Word Made Flesh
Sermon
Love's Pure Light
Christmas Candlelight Sermons and Service
Object:
Two observations about language: In the academic world, this is what we might call "the season of verbal imprecision." Professors seek to craft exquisite questions to make examinations not merely evaluations but vehicles for teaching and learning. Students write papers, struggling with an insistent awareness that what you say is inseparably wed to the manner in which you say it. In both cases, the frustrating vagaries of language threaten to confuse, confound, and obscure the intended meaning. Professors and students alike understand once again what T.S. Eliot meant when the poet wrote about "... the slimy mud of words ... the sleet and hail of verbal imprecisions."1
It's hard to get it exactly right, to communicate your meaning efficiently, effectively, and with a modicum of grace. Yet every day, we use dozens of hundreds of words in our never-ending attempt to do precisely that.

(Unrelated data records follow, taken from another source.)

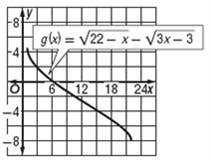 All values of y are included in the graph, so R = (, ).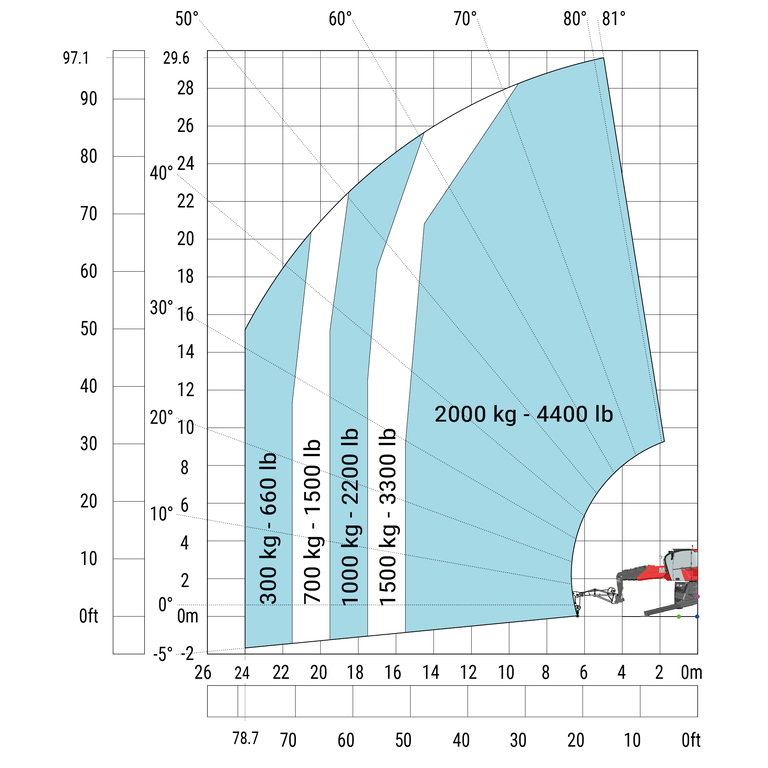 Rotação sobre estabilizadores com extensão (Potence) de 2000 kg (Métrico)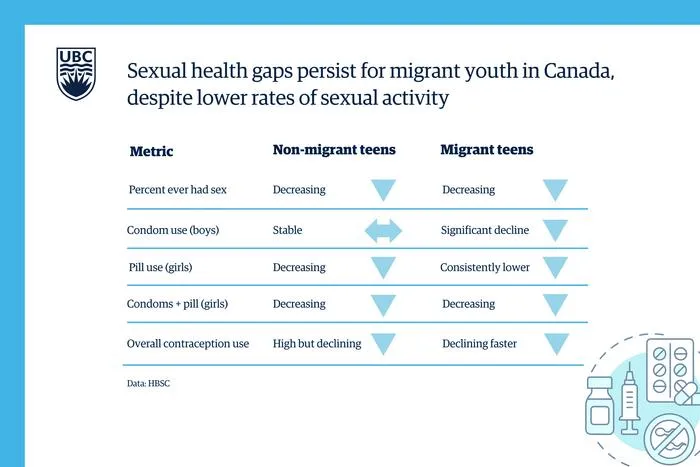 Chart: Sexual health gaps for Canadian migrant youth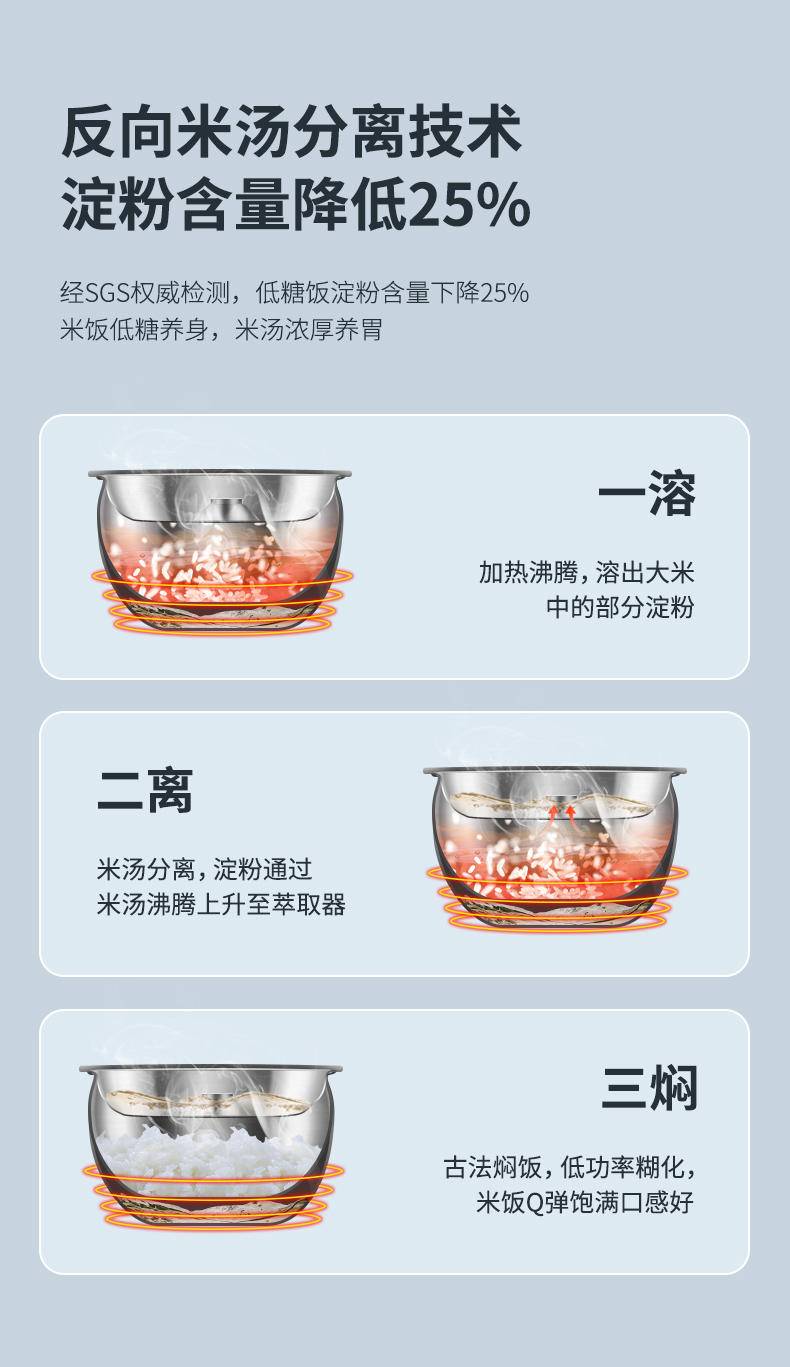 伯可福电饭煲食谱,韩国伯可福bokuk低糖电饭煲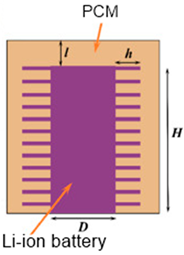 Energies 16 02745 i002 Energies 16 02745 i002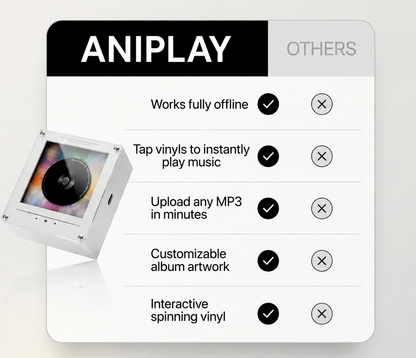 AniPlay Vinyl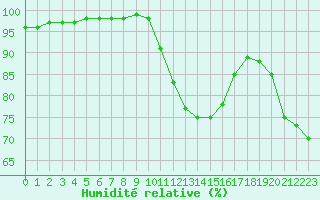 Courbe de l'humidit relative pour Melun (77)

A second observation about language: There was a time of innocence, I think it was, when we believed that language merely reflected realities that already existed, independent of the words that described them. We know better now. When, for the first time, the lover says to the beloved, "I love you," that utterance does not merely describe an already existing state of affairs. It calls into being a new reality. Suddenly, the lover and the beloved inhabit a new world, a world created by a word, a world inhabited by the speaker and the one spoken to. We know all this instinctively; it is why emotionally mature people do not utter such words in a rash or casual manner. Nor is romance the only situation in which this is true: an insult; a racial, religious, or homophobic slur; a declaration of hatred; a declaration of war -- each creates a new, and often an ugly, reality.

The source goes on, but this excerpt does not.